Overview
Model Overview
inference-net/Schematron-8B is an 8 billion parameter model from the Schematron series, developed by Inference.net. It is a specialized long-context extraction model designed to convert noisy HTML into clean, typed JSON according to a provided schema. This model is particularly suited for web scraping, data ingestion, and transforming unstructured web content into structured records.
Key Capabilities
- Schema-first extraction: Guarantees 100% schema-conformant JSON outputs, ensuring data integrity and usability.
- Long context handling: Robustly processes lengthy and noisy HTML inputs, supporting up to 128K tokens (though the model itself has a 32K context window, the series supports up to 128K).
- HTML-to-JSON conversion: Efficiently transforms raw or cleaned HTML into strictly valid JSON, without additional narration.
- High extraction quality: Achieves an LLM-as-Judge score of 4.64 for HTML-to-JSON extraction, closely matching GPT-4.1.
- Enhanced factuality: When paired with web retrieval, Schematron significantly improves LLM factuality, boosting accuracy from 8.54% to 82.87% for models like GPT-5 Nano on tasks like SimpleQA.
Good For
- Web scraping: Ideal for extracting structured data from complex and noisy web pages.
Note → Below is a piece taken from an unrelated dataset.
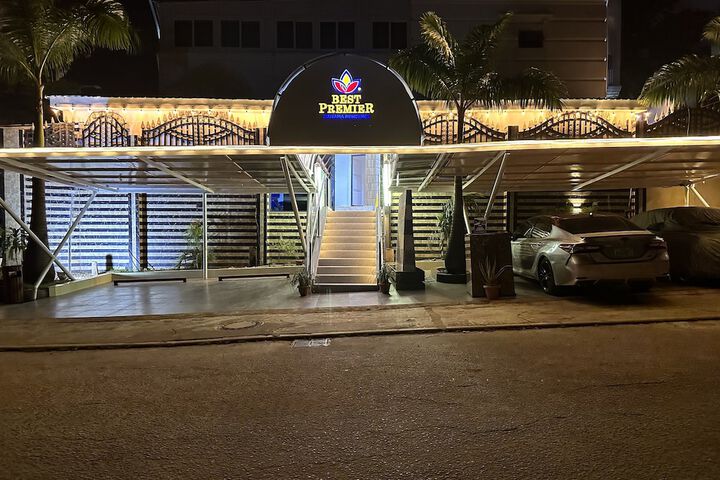 Hotel 102 of 114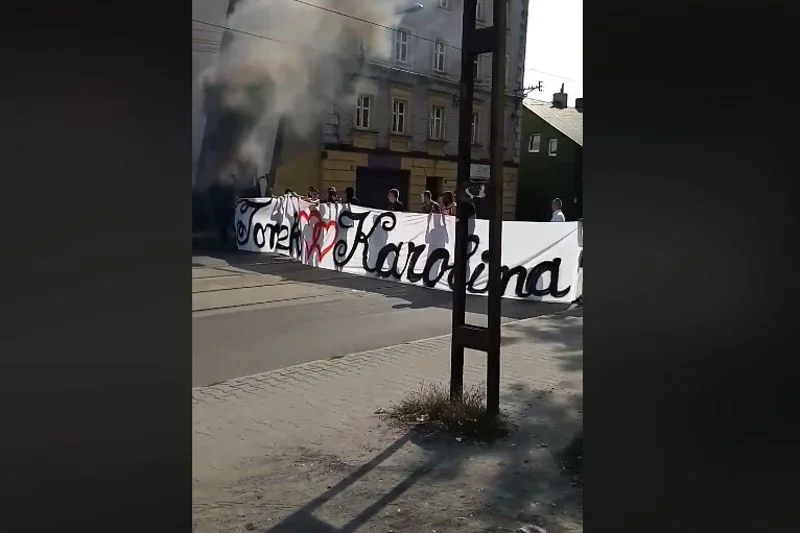 Oryginalny pomysł na weselną bramę.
- Data ingestion: Facilitates the conversion of arbitrary web content into structured records for databases or analytics.
- Improving LLM factuality: Can be integrated into pipelines to provide structured, factual data from web searches, enhancing the accuracy of primary LLMs.
- Deterministic JSON output: Ensures reliable and parseable JSON output, critical for automated data processing.
Limitations
- Processes static HTML only; client-side rendered content must be handled upstream.
- Very large pages may require truncation.
- Output quality can depend on the clarity and explicitness of the provided JSON schema.